◆ **Supplied information**

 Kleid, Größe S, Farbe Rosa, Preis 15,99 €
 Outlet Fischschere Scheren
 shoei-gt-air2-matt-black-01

==

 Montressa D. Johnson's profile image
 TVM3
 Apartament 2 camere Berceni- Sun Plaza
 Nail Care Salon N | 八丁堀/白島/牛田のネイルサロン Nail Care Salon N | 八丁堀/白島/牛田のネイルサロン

◆ **Your objective**
As listed above, the lines from the line with "Montressa D. Johnson's profile image" to the line with "Nail Care Salon N | 八丁堀/白島/牛田のネイルサロン Nail" are to be echoed exactly, with both ends included and nothing added.

◆ **Answer below**
 Montressa D. Johnson's profile image
 TVM3
 Apartament 2 camere Berceni- Sun Plaza
 Nail Care Salon N | 八丁堀/白島/牛田のネイルサロン Nail Care Salon N | 八丁堀/白島/牛田のネイルサロン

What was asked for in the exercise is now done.